▶ **Task details**
Some lines in the entries contain the word "Picture". Copy all of them.

(Recorded data)
═══

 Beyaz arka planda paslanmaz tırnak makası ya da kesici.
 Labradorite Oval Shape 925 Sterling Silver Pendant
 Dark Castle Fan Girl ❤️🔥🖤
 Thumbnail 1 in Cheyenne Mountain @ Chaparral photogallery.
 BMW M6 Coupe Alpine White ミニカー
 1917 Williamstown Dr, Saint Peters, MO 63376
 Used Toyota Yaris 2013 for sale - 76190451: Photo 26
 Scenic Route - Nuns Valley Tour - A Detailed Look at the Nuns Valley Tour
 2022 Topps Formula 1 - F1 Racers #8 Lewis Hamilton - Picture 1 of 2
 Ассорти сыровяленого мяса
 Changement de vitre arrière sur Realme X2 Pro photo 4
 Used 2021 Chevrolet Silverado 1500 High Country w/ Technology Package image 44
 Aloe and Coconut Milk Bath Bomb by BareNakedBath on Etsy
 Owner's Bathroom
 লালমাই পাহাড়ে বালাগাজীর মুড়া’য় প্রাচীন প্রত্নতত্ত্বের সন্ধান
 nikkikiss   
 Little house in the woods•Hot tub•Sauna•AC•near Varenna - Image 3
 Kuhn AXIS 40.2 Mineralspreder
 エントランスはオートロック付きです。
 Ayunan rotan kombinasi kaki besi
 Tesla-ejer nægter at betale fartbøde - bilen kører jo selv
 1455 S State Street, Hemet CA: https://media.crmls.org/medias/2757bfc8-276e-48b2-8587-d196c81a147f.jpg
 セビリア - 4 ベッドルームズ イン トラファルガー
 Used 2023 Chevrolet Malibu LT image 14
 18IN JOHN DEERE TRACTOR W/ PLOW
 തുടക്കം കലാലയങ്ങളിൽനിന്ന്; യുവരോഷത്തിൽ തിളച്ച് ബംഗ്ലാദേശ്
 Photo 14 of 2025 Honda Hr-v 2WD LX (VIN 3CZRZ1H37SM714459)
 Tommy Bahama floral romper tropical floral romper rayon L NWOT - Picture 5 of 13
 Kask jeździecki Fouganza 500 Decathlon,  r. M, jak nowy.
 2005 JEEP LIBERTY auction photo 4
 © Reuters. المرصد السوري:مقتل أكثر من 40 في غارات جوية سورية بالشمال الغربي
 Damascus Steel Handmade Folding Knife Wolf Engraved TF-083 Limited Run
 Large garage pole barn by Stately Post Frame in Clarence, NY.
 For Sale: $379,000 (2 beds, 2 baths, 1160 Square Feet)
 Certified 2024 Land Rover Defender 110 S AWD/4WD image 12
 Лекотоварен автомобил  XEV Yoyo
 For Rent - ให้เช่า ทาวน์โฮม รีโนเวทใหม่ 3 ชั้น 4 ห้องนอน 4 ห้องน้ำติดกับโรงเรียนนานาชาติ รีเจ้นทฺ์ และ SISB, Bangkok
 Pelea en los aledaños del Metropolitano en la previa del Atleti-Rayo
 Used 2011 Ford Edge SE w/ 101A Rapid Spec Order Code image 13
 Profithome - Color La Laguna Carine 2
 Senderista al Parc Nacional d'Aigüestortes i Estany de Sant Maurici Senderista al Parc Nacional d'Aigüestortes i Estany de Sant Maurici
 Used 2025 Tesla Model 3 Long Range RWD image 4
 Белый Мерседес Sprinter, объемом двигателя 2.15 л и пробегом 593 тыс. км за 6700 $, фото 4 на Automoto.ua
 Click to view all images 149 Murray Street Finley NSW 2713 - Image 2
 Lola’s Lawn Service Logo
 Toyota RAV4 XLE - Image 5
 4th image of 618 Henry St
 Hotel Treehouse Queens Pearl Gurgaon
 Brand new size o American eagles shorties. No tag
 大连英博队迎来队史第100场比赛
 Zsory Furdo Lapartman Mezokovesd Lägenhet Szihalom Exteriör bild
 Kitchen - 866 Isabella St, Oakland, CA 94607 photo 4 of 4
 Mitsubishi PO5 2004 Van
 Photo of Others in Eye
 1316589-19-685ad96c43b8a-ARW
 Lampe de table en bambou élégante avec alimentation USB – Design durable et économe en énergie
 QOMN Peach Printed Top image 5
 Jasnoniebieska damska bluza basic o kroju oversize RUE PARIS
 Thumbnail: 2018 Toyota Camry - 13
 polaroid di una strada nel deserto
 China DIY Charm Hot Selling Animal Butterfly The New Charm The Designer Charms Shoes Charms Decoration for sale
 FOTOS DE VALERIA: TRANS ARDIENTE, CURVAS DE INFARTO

═══

▶ **Expected answer**
 2022 Topps Formula 1 - F1 Racers #8 Lewis Hamilton - Picture 1 of 2
 Tommy Bahama floral romper tropical floral romper rayon L NWOT - Picture 5 of 13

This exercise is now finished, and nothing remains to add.